04. the extinction games

04. the extinction games

Among the many theories concerning the decline of Inamgaon, one remains particularly prominent. Archaeologists across the subcontinent have come to agree that the civilization fell to a flood in the Bhima valley.

While this postulation might indeed hold water in geological evidence, given the propensity of the Bhima river to flood, the bodies at Inamgaon seem to suggest otherwise, for they betray no signs of drowning or death by water. The rich collection of artefacts, weapons, utensils, toys and trinkets found in the excavation site that have remained unmoved through the many swellings and sinkings of river tides, further deny this claim.

However, something has indeed been caught in the waves, for there is a complete lack of clocks, calendars, chronoscopes and sundials in the remnants of Inamgaon. All of which have existed in civilizations that have both preceded and come after. Time itself seems lost in the undertow.

This apparent absence of time-keeping devices, however, reveals a complete miscalculation of how the denizens of Inamgaon perceived time. For them, time was not an object to be grasped and measured, but a flow that was meant to pass.

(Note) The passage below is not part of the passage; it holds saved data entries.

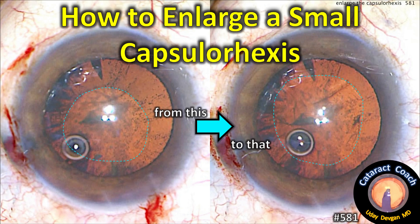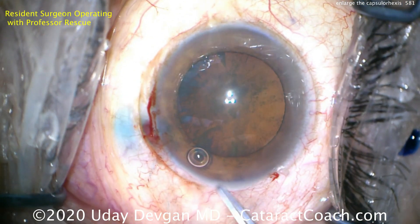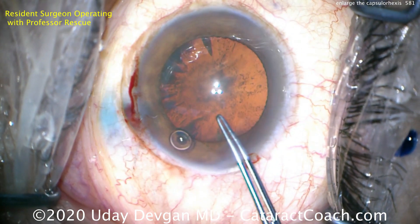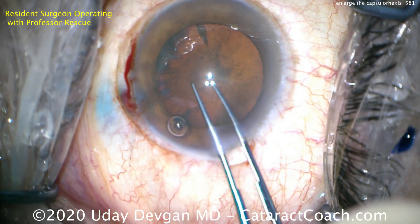CataractCoach.com — how to enlarge a small capsulorrhexis. Go from a small irregular one to a nice round and centered larger capsulorrhexis. Let me show you this case where a resident is operating.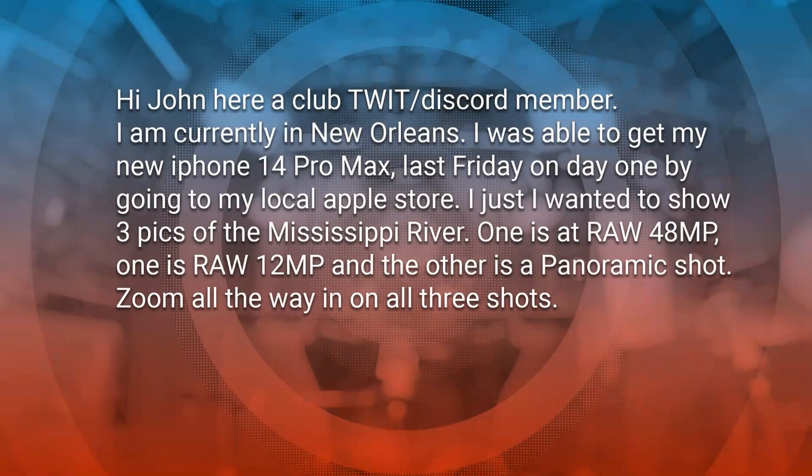So allow me to switch my screen here and take a look at this bit of feedback. All right. This comes from John. It says: hi, John here, a Club Twit slash Discord member. Let me say thank you to you for being a Club Twit member — appreciate that support. Really do. Okay, back to the email.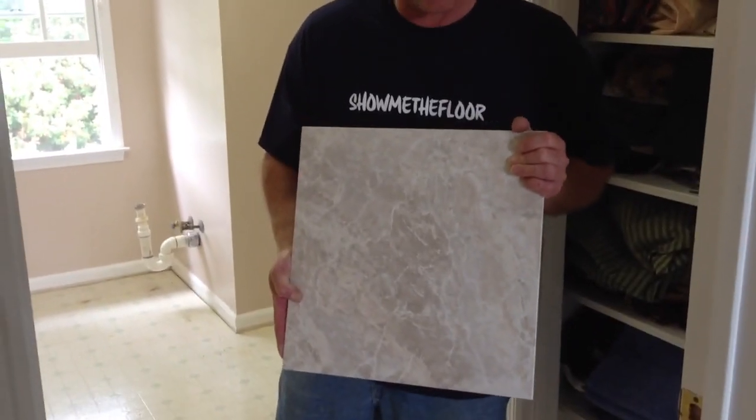Hi there. Today we're going to be installing Dura Ceramic Tile. Dura Ceramic Tile is a vinyl alternative to ceramic tile.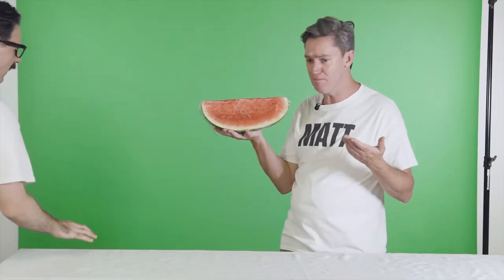What happened there? I don't know, Rich. I'm usually really good at this. I can't believe I accidentally made a watermelon. Well, do you want to give it another try? I'll try.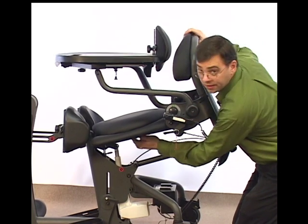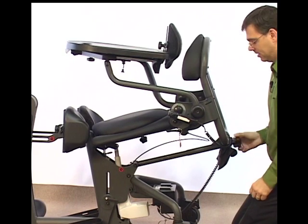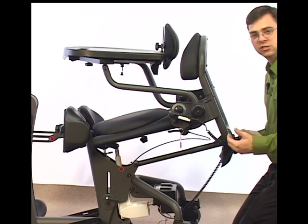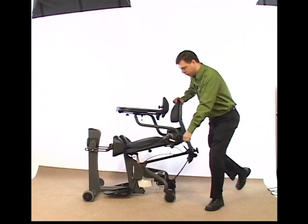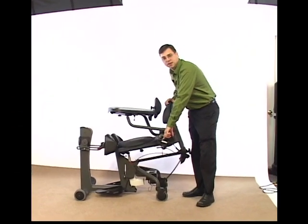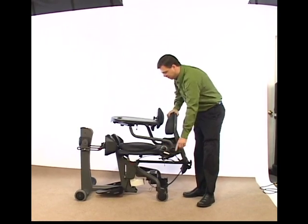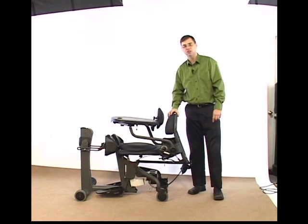Once it's level, I can make another inch adjustment by pushing the button and continuing to lower it back. So far, I've adjusted it two inches back. Once we have the seat depth set, let's drop the Easy Stand back down into a flat, seated position. This also allows us to check our back angle and make sure that we've made the adjustment properly.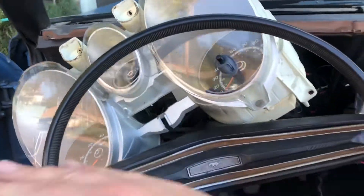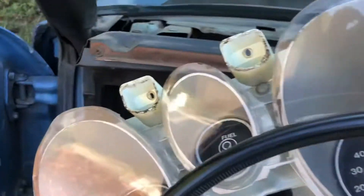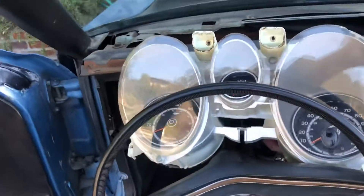You're putting these back in, getting basically a horizontal orientation. Don't want these old steering wheels just squeezing it — just get by there. Then tilt it back carefully like that, and you should be able to get it reinserted.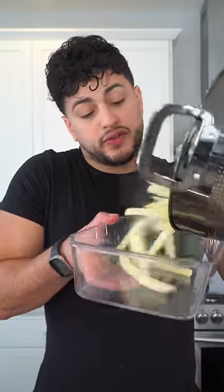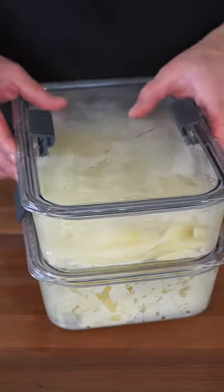When they've slightly cooled, transfer them to a container, and then we're gonna toss these in the freezer for a couple hours.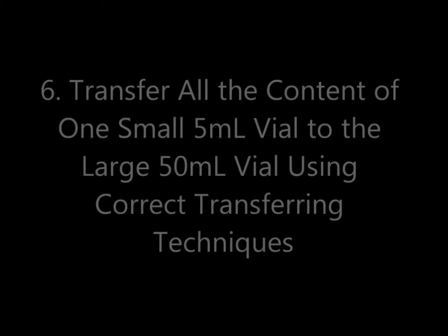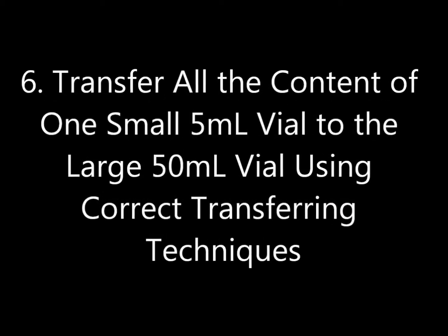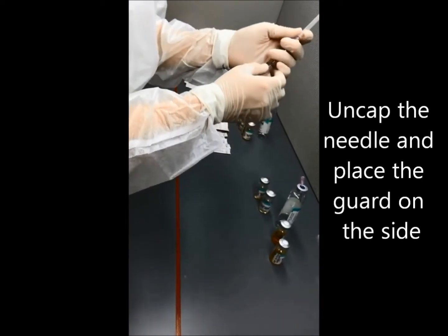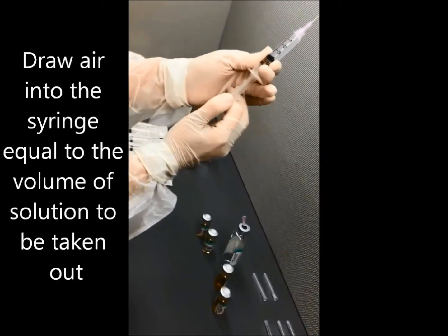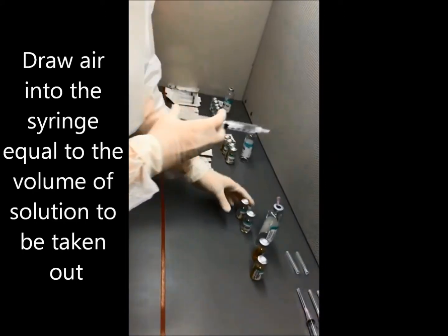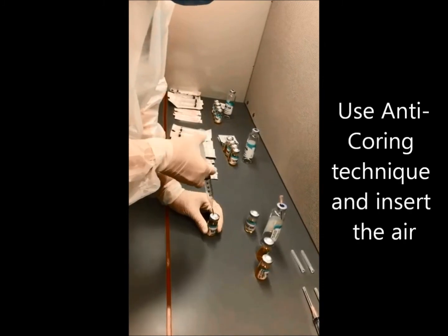Number six: transfer all the content of one small 5ml vial to the large 50ml vial using correct transferring techniques. Uncap the needle and place the guard on the side. Draw air into the syringe equal to the volume of solution to be taken out. Use anti-coring technique and insert the air.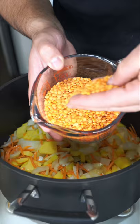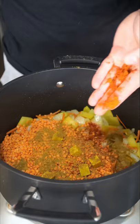And here's our beautiful red lentils — introduce them to the party. We add some chicken bouillon, a generous amount of cumin, and a whole lot of smoked paprika.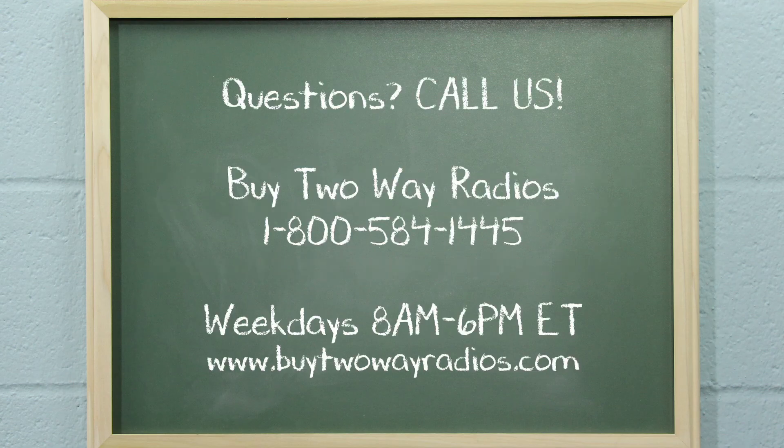If you have any other questions, please don't hesitate to give us a call, email, or hit us up in our online chat at buy2aradios.com. I'm Tommy with Buy2ARadios.com and this is Radio 101. Class dismissed.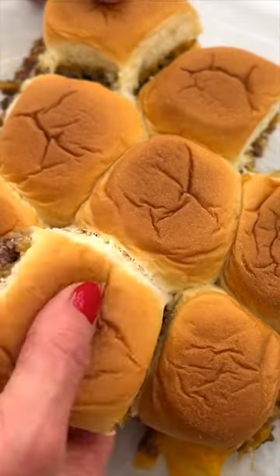Dozen sliders in 20 minutes that are perfect for game day. And they taste just like White Castle — honestly, better.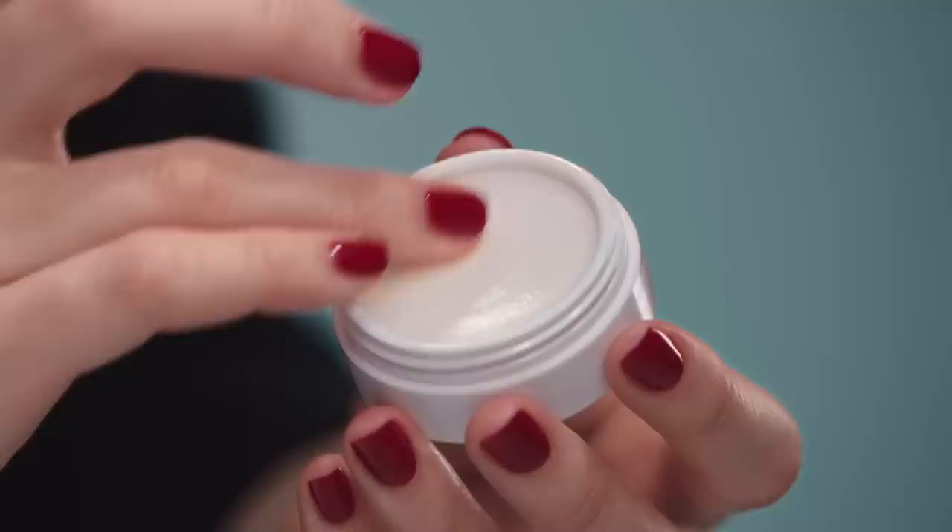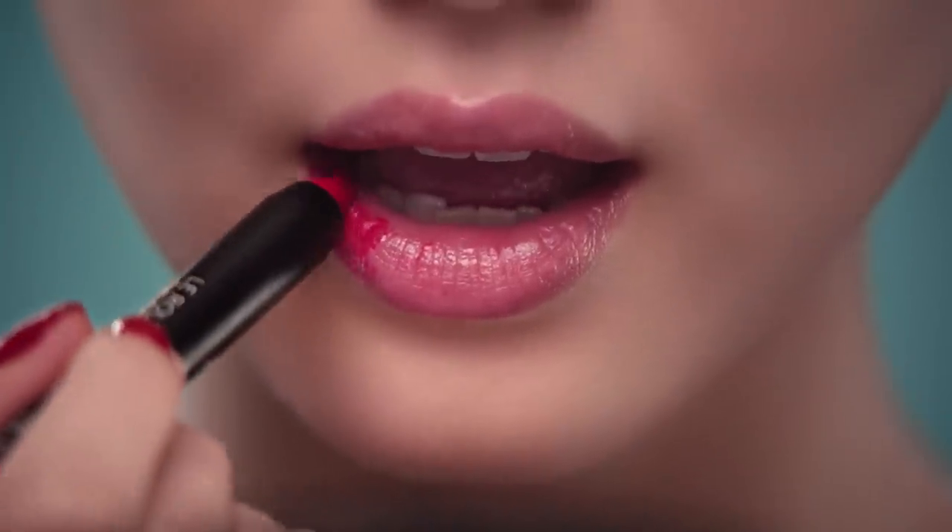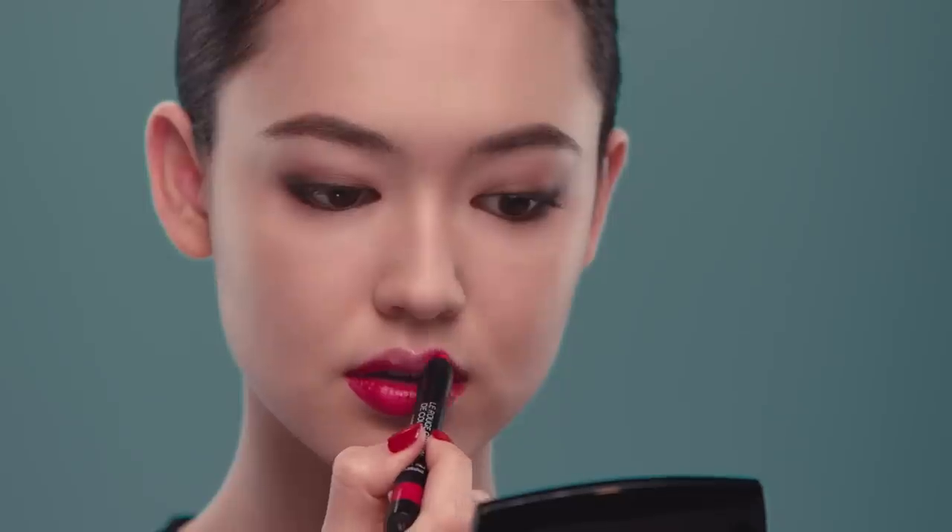First, moisturize with lip balm. Because it's a pencil, it's so easy to apply. Even though it's matte, it glides on smoothly and it feels light on the lips.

And they had many games to pass the time.

They played games of  स्पर्धा (Spardha), or ‘competition’, designed to build personality and cultivate character.

Games of मौका (Mauka), or ‘chance’, that called to attention the many surprises their world had to offer.

Games of नक़ल (Nakal), or ‘mimicry’, in which they invited both relationships and repetition.

and finally, बवंडर (Bawandar), or the game of dust storm. A game played at the distant borders of what the modern mind construes as rationality. Caked in the mud of ages as they appear to us today, the ancestors of Inamgaon had no notion of such borders and willingly surrendered themselves to dust.